ポリティカル・フィクションとしてのリアリティも中途半端と言わざるをえない。武装解除された日本が限られた兵器でゴジラに立ち向かう、というシチュエーションを作るために、「アメリカは参加しません!」となるのが謎過ぎる。こっそり新兵器の実験場にしたり、なんならソ連への威嚇で堂々と参戦してもおかしくない場面でもあるような。銀座襲撃の折に国会議事堂が破壊されているところとかを日本の政治的混乱に結びつけるとかもやってよかったような。

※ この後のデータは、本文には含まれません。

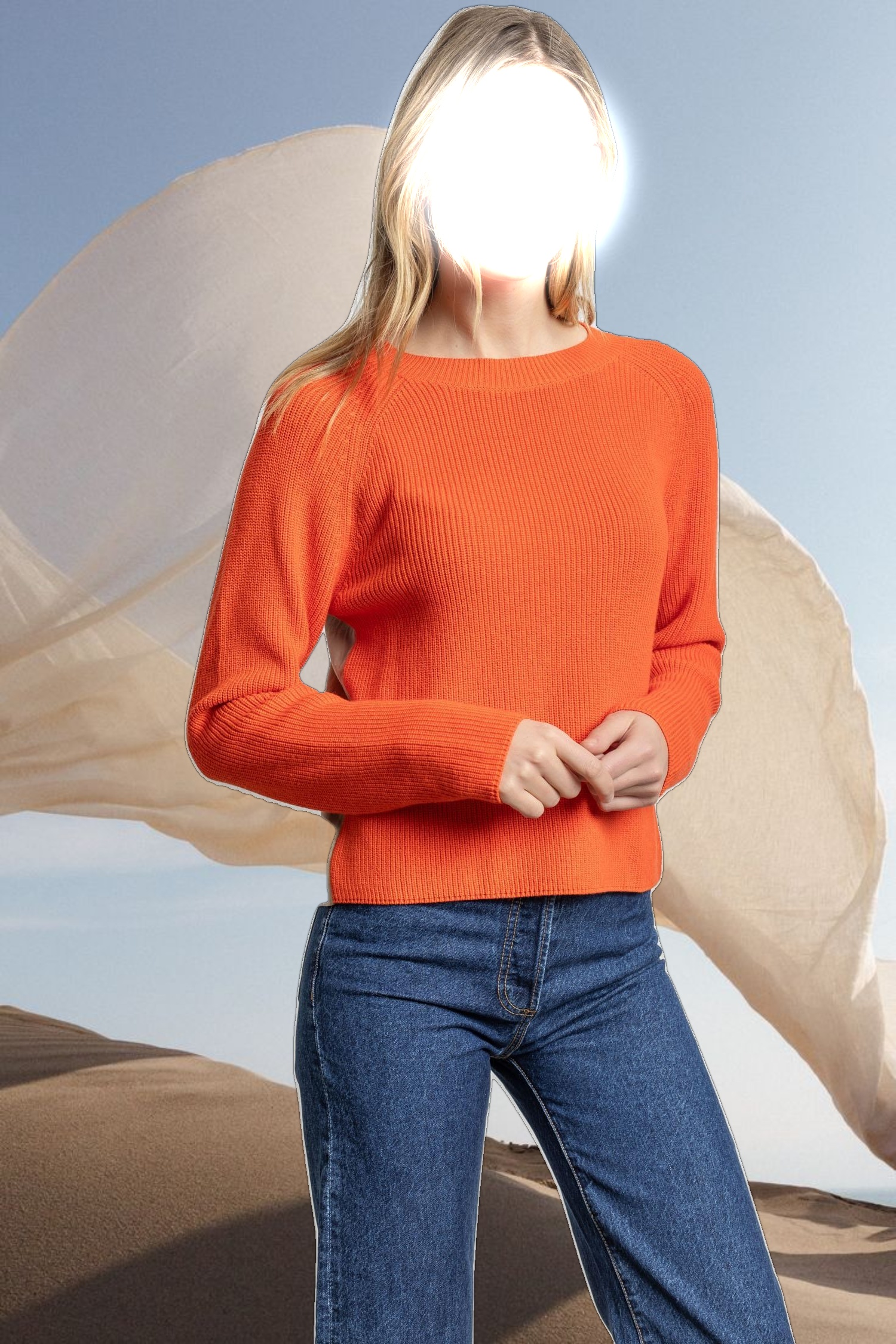 Mixed Media Raglan Sweater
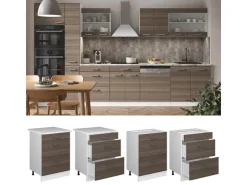 New Vicco Küchenunterschrank R-Line Grau/Weiß 60 cm mit Schubladen ohne Arbeitsplatte Edelgrau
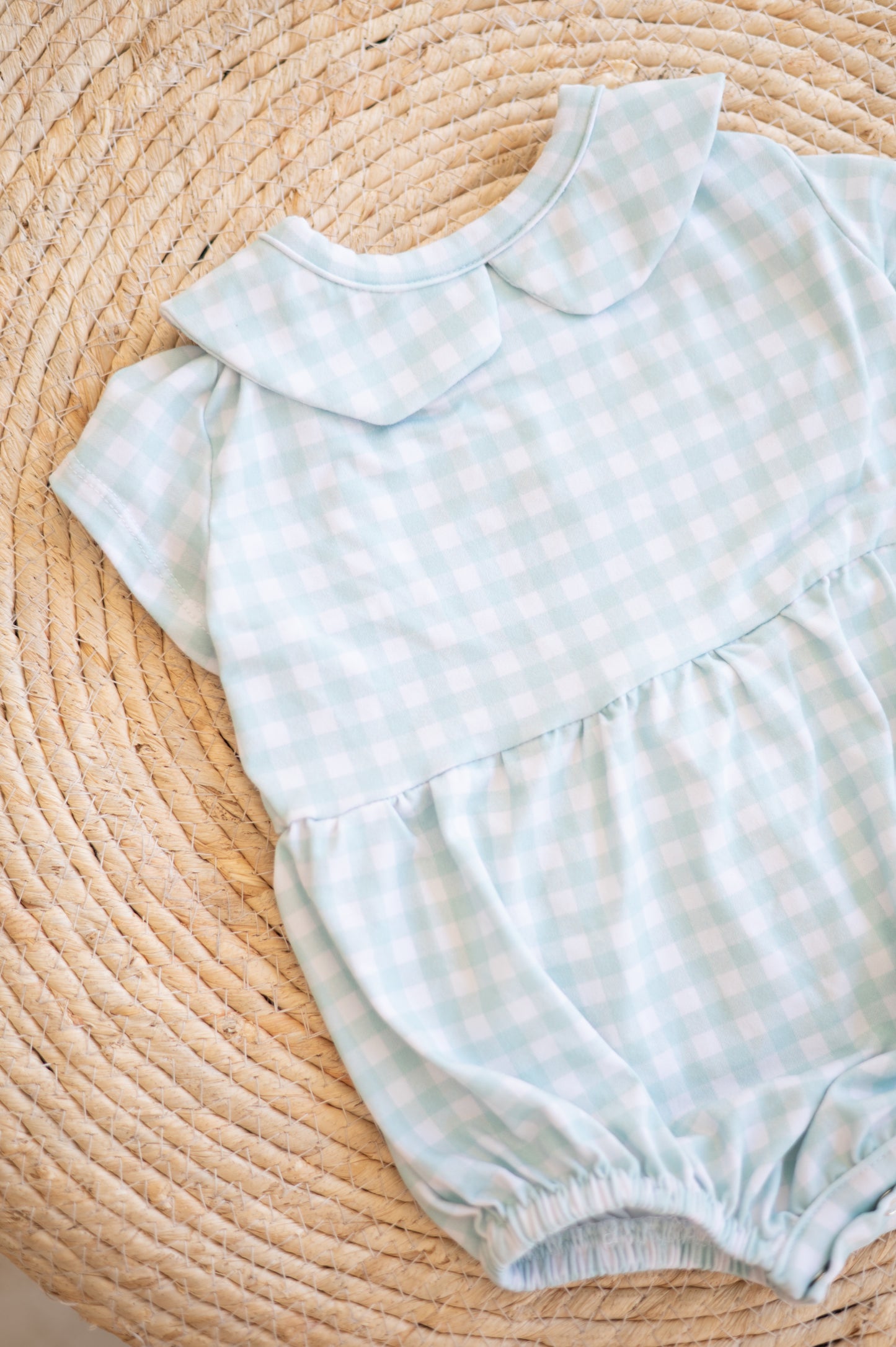 Peter Pan Romper- Checkered Mint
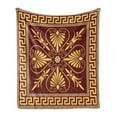 thumbnail image 1 of Greek Key Soft Flannel Fleece Throw Blanket, Old Fashioned Frame Design the Labyrinth and Curly Leaves Flowers, Cozy Plush for Indoor and Outdoor Use, 50" x 60", Ruby Yellow, by Ambesonne, 1 of 5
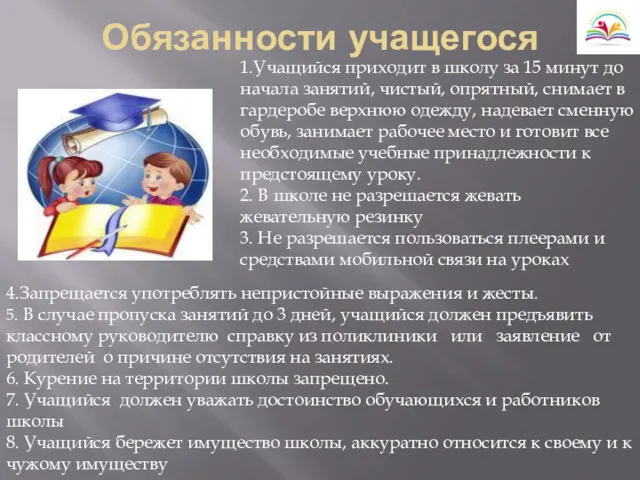 Обязанности учащегося 1.Учащийся приходит в школу за 15 минут до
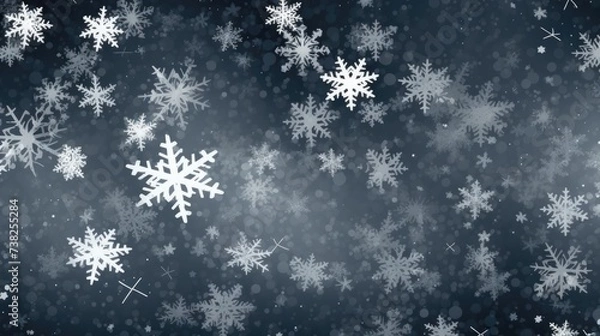 Fototapeta Background with snowflakes in Ash color.
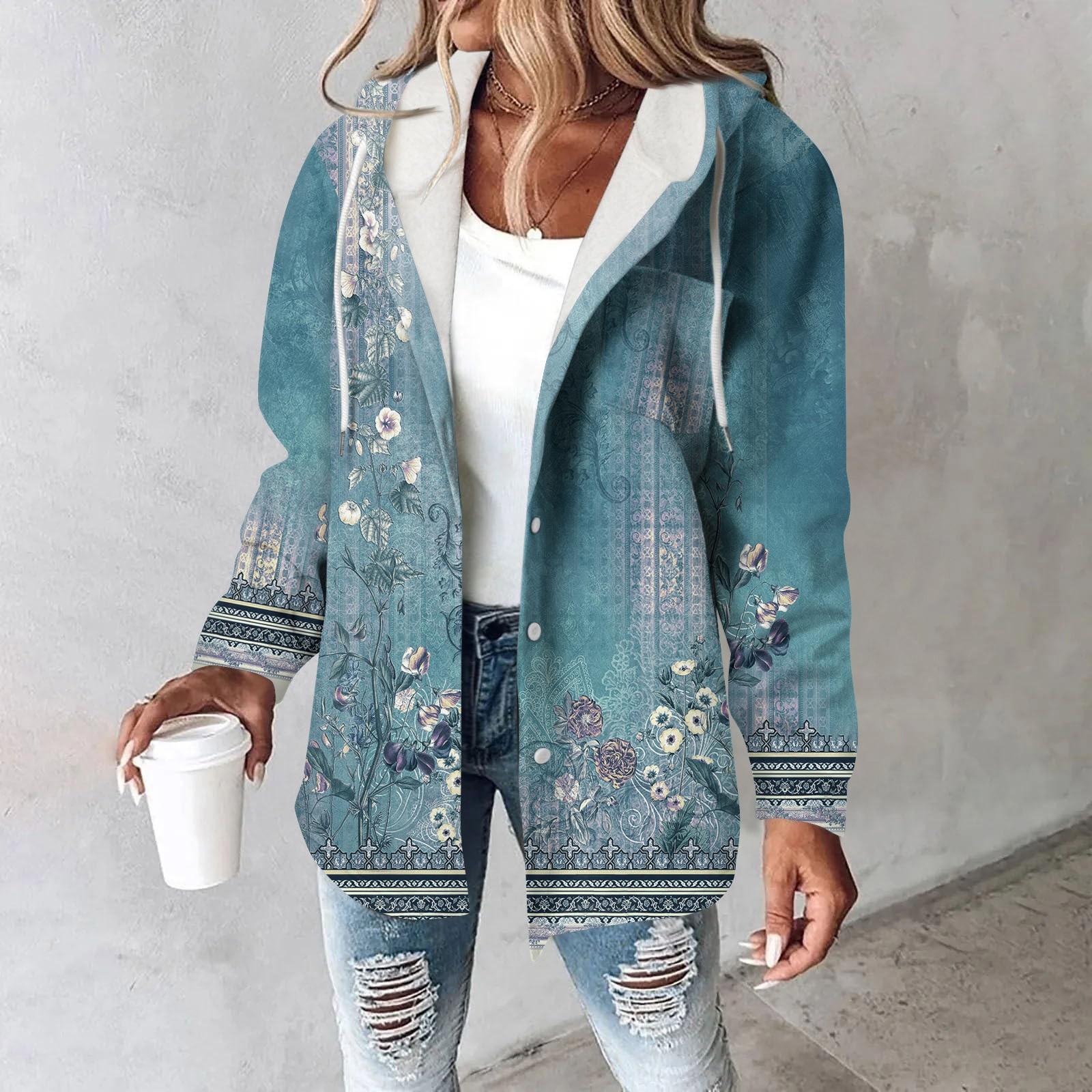 Толстовки женские зимние теплые толстовки на пуговицах с капюшоном и завязками на шнурке с принтом куртка пальто XXXL светло-синий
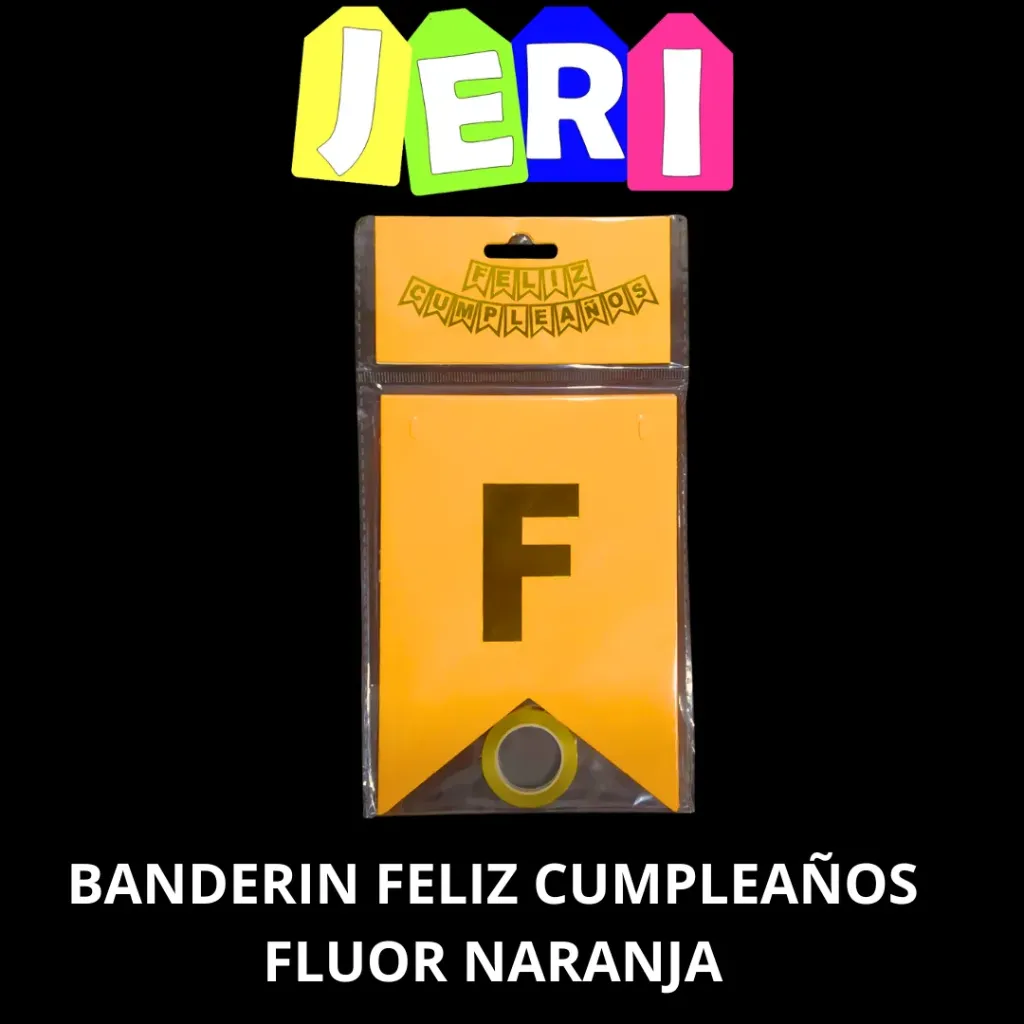 BANDERIN FELIZ CUMPLEAÑOS FLUOR (NARANJA)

何よりも、核のメタファーとしてのゴジラがほとんど機能していない。東京にも核兵器が、という話ではあるのかもしれないが、そこはあまり掘り下げられない。浜辺美波が神木隆之介を突き飛ばすシーンは、『はだしのゲン』にもあるような描写だけに。
ただ、まぁ、「ゴジラのテーマ」をちゃんと「ゴジラに立ち向かう人間たちのテーマ」として使ったところは、これまでのゴジラシリーズに対するリスペクトは感じる。
なんというか、山崎貴がやっていることは『ALWAYS』でゴジラを出した時とあまり変わっていなくて、ゴジラが結局なんなのか、悪い意味でわからない。神聖さも恐怖も感じない。主人公たちの内面の物語に回収されすぎている気がする。